Saturday night, the crowd at the 40Watt Club saw an onslaught of talent as “Underneath the Covers II” supported World AIDS Day, in keeping with the recent trend. The obvious amount of preparation from each group was certainly appreciated by the crowd, and deserved accolades between musicians backstage were abundant.

Here’s how the night went down:

The High Caliber put near perfect guitar tones to their renditions of the Jesus & Mary Chain. Next, Still, Small Voice & the Joyful Noise hit home on Elvis Costello & the Attractions. Deaf Judges absolutely killed a set of Beastie Boys songs and were said by a friend of mine to have performed “as if they were channeling.” These guys took it a step further by rattling off an exciting medley of well known hits that included, “Push It,” “I’m Gonna Knock You Out,” and “It Takes Two.” Pegasuses XL joined the dj/mc foursome onstage to end the set with “Sabotage.” Again, killer.

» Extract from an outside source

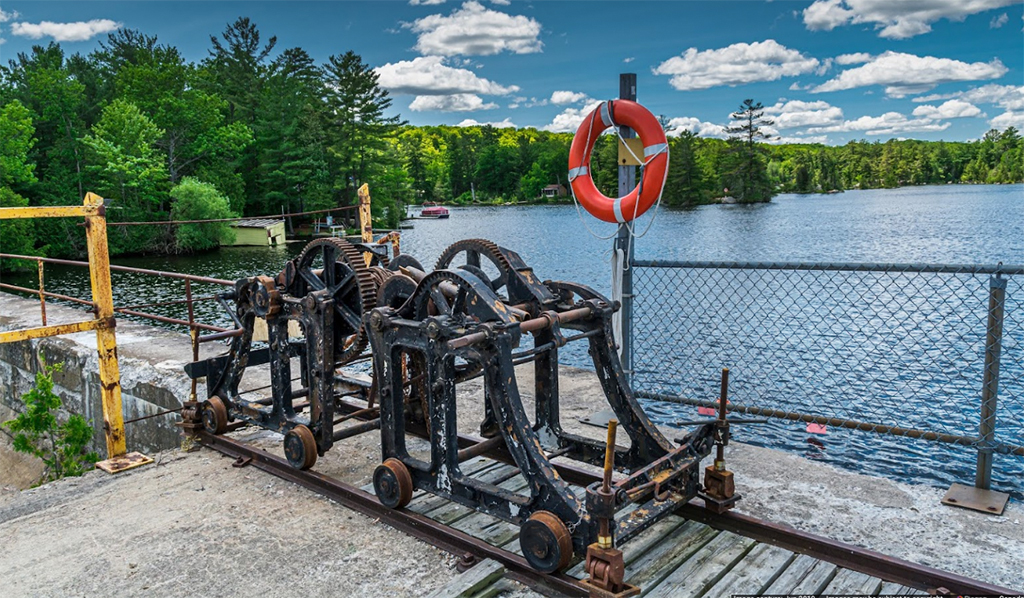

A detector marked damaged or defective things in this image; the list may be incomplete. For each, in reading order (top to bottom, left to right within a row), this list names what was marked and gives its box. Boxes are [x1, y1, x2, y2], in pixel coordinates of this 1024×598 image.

rusty machinery [182, 237, 729, 589]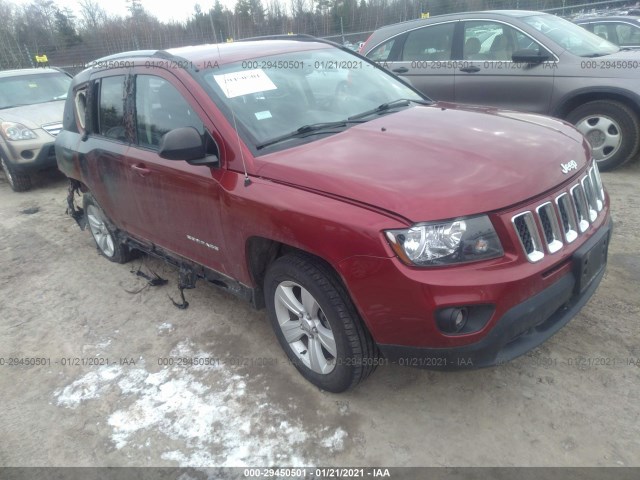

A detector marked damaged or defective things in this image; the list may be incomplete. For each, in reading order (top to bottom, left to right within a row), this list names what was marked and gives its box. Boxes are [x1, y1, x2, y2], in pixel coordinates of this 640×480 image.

damaged front wheel [83, 193, 133, 264]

Headliners Patterson Hood and Dead Confederate were next to take the stage, with the Drive by Truckers frontman laying down an amazing set of Bruce Springsteen. At dinner before the show, Patterson said he believes his band may have rehearsed more for their “Boss” set than the Truckers have in the last 5 years. Talk about dedication for the sake of helping others! Here’s his setlist:

1. Badlands
2. Something In The Night
3. Candy’s Room
4. Racing In The Street
5. Adam Raised A Cain
6. Darkness on the Edge of Town

The whole performance, by the way, is available at Southern Shelter.

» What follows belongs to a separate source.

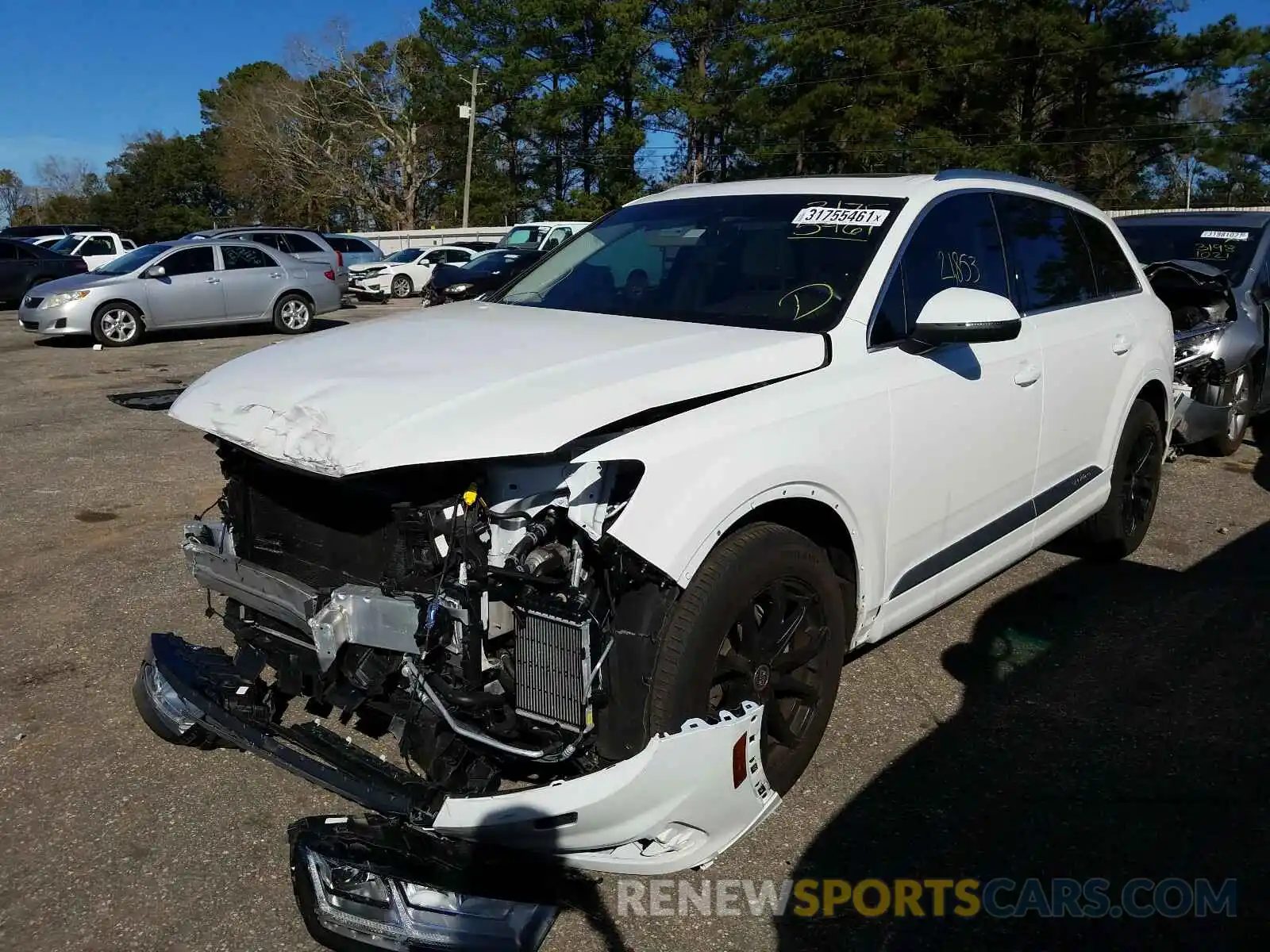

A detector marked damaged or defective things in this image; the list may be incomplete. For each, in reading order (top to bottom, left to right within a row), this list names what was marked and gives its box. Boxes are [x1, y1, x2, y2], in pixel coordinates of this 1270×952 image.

crumpled hood [166, 301, 822, 477]
damaged car in background [1118, 213, 1264, 459]
damaged car in background [133, 174, 1173, 952]
detached front bumper [139, 627, 772, 878]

Dead Confederate then took things – well, to quote event organizer, David Basham – “to the stratospheric level” as Sonic Youth. Bassist Brantley Senn made sure to pay tribute to Kim Gordon by donning a synthetic blonde wig and sunglasses. The night ended with a dizzying swirl of ripping guitar strings and screams for “Youth Against Facism.”

DC’s setlist:
1. 100%
2. Silver Rocket
3. Teresa’s Soundworld
4. The Diamond Sea
5. Youth Against Facism (with Patterson Hood, Jim Fahy, Hunter Morris, and Jeff Tobias)

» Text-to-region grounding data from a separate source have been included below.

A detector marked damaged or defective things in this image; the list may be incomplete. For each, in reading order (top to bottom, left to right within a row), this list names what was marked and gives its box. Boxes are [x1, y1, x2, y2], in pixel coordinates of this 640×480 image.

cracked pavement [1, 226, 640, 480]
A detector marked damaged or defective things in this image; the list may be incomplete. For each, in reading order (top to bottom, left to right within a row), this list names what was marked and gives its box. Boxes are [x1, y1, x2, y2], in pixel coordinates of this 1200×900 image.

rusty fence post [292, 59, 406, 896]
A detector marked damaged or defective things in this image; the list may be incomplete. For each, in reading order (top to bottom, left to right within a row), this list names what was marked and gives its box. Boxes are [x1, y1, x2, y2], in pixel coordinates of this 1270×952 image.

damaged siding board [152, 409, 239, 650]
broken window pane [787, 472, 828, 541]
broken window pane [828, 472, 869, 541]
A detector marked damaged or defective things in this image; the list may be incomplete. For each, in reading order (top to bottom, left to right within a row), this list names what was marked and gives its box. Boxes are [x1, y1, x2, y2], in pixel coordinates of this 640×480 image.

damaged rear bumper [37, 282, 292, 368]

The guys in DC were in a fittingly giving mood, as this show – where they shared the stage with Trucker Patterson Hood – comes in the middle of a crazy East Coast/West Coast touring schedule that last week included dates with Dinosaur Jr, Awesome Color, and Drug Rug…. and this week alongside Black Lips, Deerhunter, and Yeasayer. Dead Confederate will close out December at home with an official EP release party at Lenny’s in Atlanta with All the Saints on Dec 27th.



Dead Confederate bring their music to Seattle this Saturday at KEXP’s 5th Annual Yule Benefit. The guys are especially excited to be playing with locals The Valley and Feral Children, and yes – again in the name of charity. But who wouldn’t want to help KEXP!!?


Buck 65 with Scratch Bastid, Bernard Dolan, and Rudy and the Rhetoric, Crocodile Cafe 11/29/07

review and photos by Ben Guerechit

A few of hip-hop’s wicked and weird stood their ground Wednesday night at 2nd and Blanchard in Seattle. The Crocodile Café became a haven for odd-ball fervent lyrics and animated unconventional beats, as three, mark that, four acts showcased their skills. Headliner Buck 65 didn’t take the stage until quarter to midnight, but in the meantime the crowd was prepped with MC/DJ duo Rudy and the Rhetoric, some untainted spoken word from Bernard Dolan and the scratch gymnastics of Scratch Bastid.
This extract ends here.